Il est évident que 60 d’indépendance n’ont toujours pas eu raison de cet héritage du régime colonial en fonction duquel les populations ne sont que de vils sujets d’un État
totalement déconnecté et non redevable dont les représentants, surtout ceux en uniforme, ont pour rôle essentiel leur répression, exploitation, et maintien dans un état de terreur permanente.
Après 60 ans d’indépendance, ces agents de l’État (en uniforme) n’ont sans doute jamais été instruits que leur véritable ‘boss’, en dernier ressort, n’est pas leur supérieur hiérarchique immédiat, ni les Ministres de l’Intérieur, ou de la Défense, ni même, sauf votre respect, vous, en tant que Chef de l’État, mais bien le citoyen ordinaire pour lequel ils ne semblent avoir que mépris et qu’ils croient avoir licence de rançonner et de réprimer en toute impunité.
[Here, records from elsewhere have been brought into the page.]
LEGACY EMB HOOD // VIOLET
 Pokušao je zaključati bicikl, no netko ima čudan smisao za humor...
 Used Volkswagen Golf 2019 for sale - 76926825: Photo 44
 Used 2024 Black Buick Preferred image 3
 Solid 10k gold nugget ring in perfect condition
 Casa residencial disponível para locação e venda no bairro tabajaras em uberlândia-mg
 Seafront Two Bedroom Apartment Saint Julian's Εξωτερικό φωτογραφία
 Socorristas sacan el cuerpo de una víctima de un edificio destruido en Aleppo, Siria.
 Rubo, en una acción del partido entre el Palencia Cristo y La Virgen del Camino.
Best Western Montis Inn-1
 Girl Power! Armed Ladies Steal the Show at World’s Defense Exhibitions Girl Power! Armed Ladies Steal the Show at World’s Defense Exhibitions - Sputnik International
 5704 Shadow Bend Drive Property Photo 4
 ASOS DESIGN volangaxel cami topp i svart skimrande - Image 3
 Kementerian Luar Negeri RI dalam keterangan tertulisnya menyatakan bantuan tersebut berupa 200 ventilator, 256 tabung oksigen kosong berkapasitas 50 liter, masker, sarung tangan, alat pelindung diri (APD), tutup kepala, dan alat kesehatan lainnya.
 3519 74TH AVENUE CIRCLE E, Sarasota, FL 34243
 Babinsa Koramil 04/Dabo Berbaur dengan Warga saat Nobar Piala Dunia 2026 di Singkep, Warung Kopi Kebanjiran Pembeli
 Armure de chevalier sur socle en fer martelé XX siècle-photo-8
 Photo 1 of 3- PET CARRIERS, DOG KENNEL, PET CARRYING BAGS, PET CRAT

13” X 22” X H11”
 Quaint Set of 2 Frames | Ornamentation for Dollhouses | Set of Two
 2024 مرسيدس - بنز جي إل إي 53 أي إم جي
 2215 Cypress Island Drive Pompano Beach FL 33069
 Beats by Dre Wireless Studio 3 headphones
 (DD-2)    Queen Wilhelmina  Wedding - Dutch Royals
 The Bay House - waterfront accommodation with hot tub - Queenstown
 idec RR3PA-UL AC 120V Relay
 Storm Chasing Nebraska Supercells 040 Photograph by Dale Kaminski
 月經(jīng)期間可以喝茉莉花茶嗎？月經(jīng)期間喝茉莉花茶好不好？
Du fait simplement de l’uniforme qu’ils portent ! Pour certains de vos concitoyens, ces comportements et attitudes sont la règle, pas l’exception.
C’est là, le vécu quotidien de milliers d’entre eux sur nos axes routiers. C’est là un secret de polichinelle en réalité ! Si vous ne le saviez pas, il est de mon devoir de vous en informer, afin que vous puissiez vous acquitter de votre charge constitutionnelle d’assurer « le fonctionnement continu et régulier des pouvoirs publics » dont la finalité est de promouvoir le respect des « libertés et droits fondamentaux de la personne humaine » et autres garanties constitutionnelles.
Général,
De grâce, faites quelque chose, je vous en supplie ! Vous atteler à changer cette relation infâme entre le citoyen (et son frère Sub-Saharien visiteur) et les agents de l’État en uniforme sur les axes routiers aura plus d’impact que tenir n’importe lequel de vos « taahoudatts ». Et cela coutera beaucoup moins cher que la plupart de ceux-ci. C’est possible, mais il faut une volonté politique résolue pour le faire. Cette volonté politique est de votre ressort exclusif. Elle ne requiert même pas que vous soyez un révolutionnaire ni même un réformateur du « système » en place depuis 45 ans. Une appréciation intelligente de votre intérêt politique bien compris en une année électorale (et la suivante aussi) suffit.
Général,
Enfin, comme vous le savez, ceux qui s’intéressent à la rubrique ‘crimes et châtiments’ sur notre continent n’ont pu qu’apprécier le caractère libérateur, cathartique même, et surtout pédagogique, du procès des évènements
du 28 septembre 2009 en cours en Guinée. Le chiffre 28 a bien une certaine résonance pour plus d’un mauritanien : Les évènements d’un autre 28--du mois de novembre 1990. Jusqu’ici, ceux-ci n’ont fait l’objet d’aucun procès. Les crimes indicibles, commis ce jour-là (et ceux d’après) et qui hantent toujours les mauritaniens, n’ont donc toujours pas connu de châtiment. Leurs auteurs, complices, et commanditaires ne sont même pas identifiés officiellement—pas même toutes les victimes. Vous le savez, cela est dû à la complicité de certains de vos frères d’armes et prédécesseurs dans votre fonction présente, mais aussi du fait d’une certaine loi scélérate. Pour que votre nom ne puisse jamais être accolé à ces crimes, et à cette forfaiture qui les a couverts, en notre ‘Terre d’Islam’, Il vous est loisible de la faire annuler, cette loi. Faites-le en 2023. Cela vous aidera à vous faire réélire en 2024. Et, tiens ! Vous damerez ainsi le pion à tous vos prédécesseurs, Aziz en particulier ! Vous voulez bien vous faire réélire, n’est-ce pas ?
De toute façon, quelle autre alternative… ?
Ah oui, j’oubliai le rocambolesque procès de la gabegie sur stérides de la « décennie horribilis ». Bien joué ! Mais pas de demi-mesure, s’il vous plait ! Faites--je veux dire laissez la justice faire--rendre gorge jusqu’au dernier de ceux qui se sont gorgés des ressources de ce malheureux peuple. Et ils ne sont pas qu’une dizaine seulement, ce peuple le sait. Un autre argument électoral pourrait-on dire que de vous assurer que la justice ne s’arrête pas en si bon chemin. Pour plus d’un ancien prisonnier politique ou de droit commun, c’est manifestation—et exquise ironie--de justice divine ou immanente que le plus fameux des accusés de ce procès se soit lamenté récemment des désagréments que lui causeraient les moustiques et les cafards en son lieu de détention. C’est déjà ça !
Vœux respectueux de très bonne année 2023, Général.